• _Material shown_:
◇ ◇ ◇ ◇ ◇ ◇ ◇

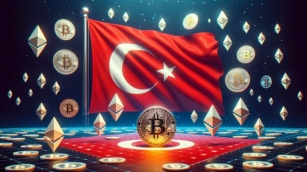 Turkey Introduces 0.03% Crypto Tax Amid Economic Reforms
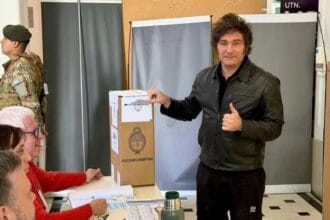 Las seis claves de la reforma electoral que impulsa Javier Milei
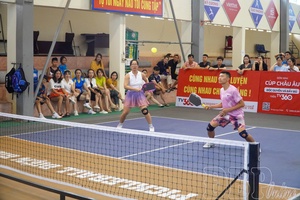 'Sports connect families
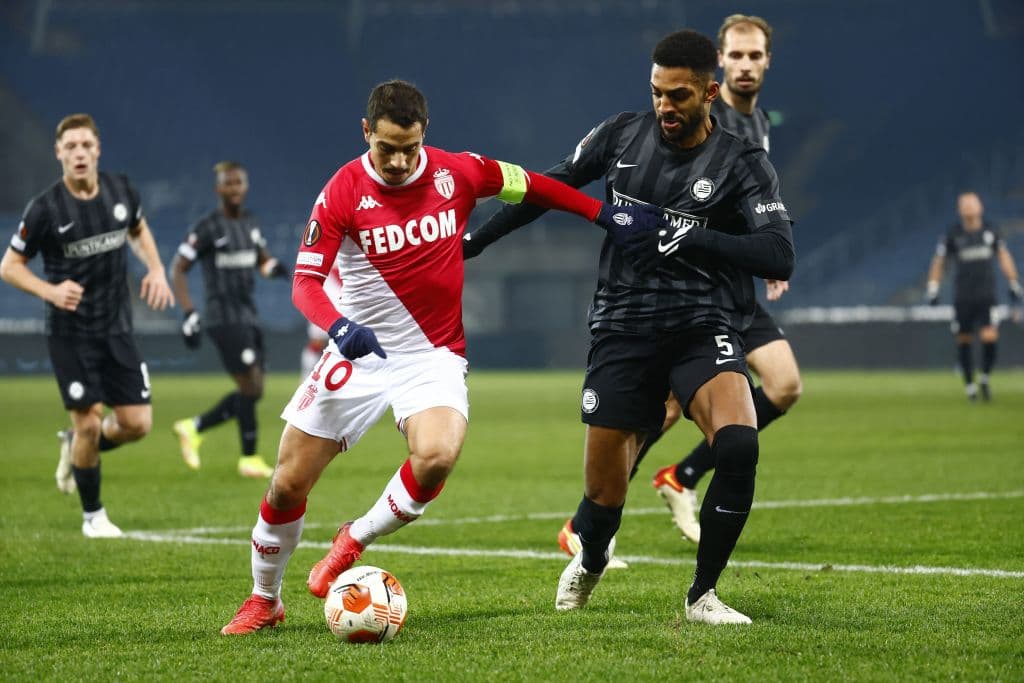 El Sturm Graz y el Monaco repartieron puntos con marcador de 1-1 durante la última Jornada en la fase de grupos de la UEFA Europa League. Jakob Jantscher abrió el marcador con penalti, pero Kevin Holland se encargó de igualar el partido.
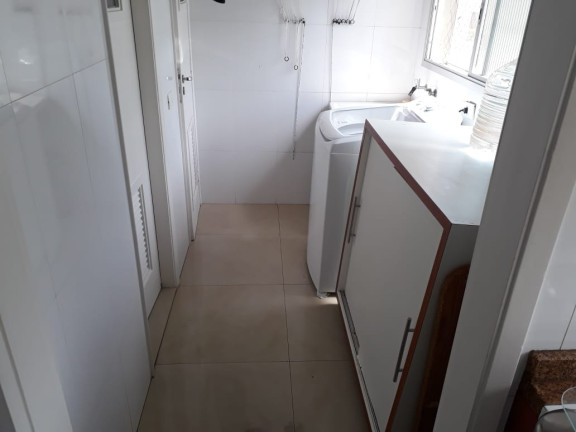 Imagem Apartamento com 3 Quartos à Venda, 129 m² em Campo Belo - São Paulo Imagem Apartamento com 3 Quartos à Venda, 129 m² em Campo Belo - São Paulo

◇ ◇ ◇ ◇ ◇ ◇ ◇

• _What you need to do_:
Everything in the records above should be retyped exactly except the pictures.

• _Task answer_:
 Turkey Introduces 0.03% Crypto Tax Amid Economic Reforms
 Las seis claves de la reforma electoral que impulsa Javier Milei
 'Sports connect families
 El Sturm Graz y el Monaco repartieron puntos con marcador de 1-1 durante la última Jornada en la fase de grupos de la UEFA Europa League. Jakob Jantscher abrió el marcador con penalti, pero Kevin Holland se encargó de igualar el partido.
 Imagem Apartamento com 3 Quartos à Venda, 129 m² em Campo Belo - São Paulo Imagem Apartamento com 3 Quartos à Venda, 129 m² em Campo Belo - São Paulo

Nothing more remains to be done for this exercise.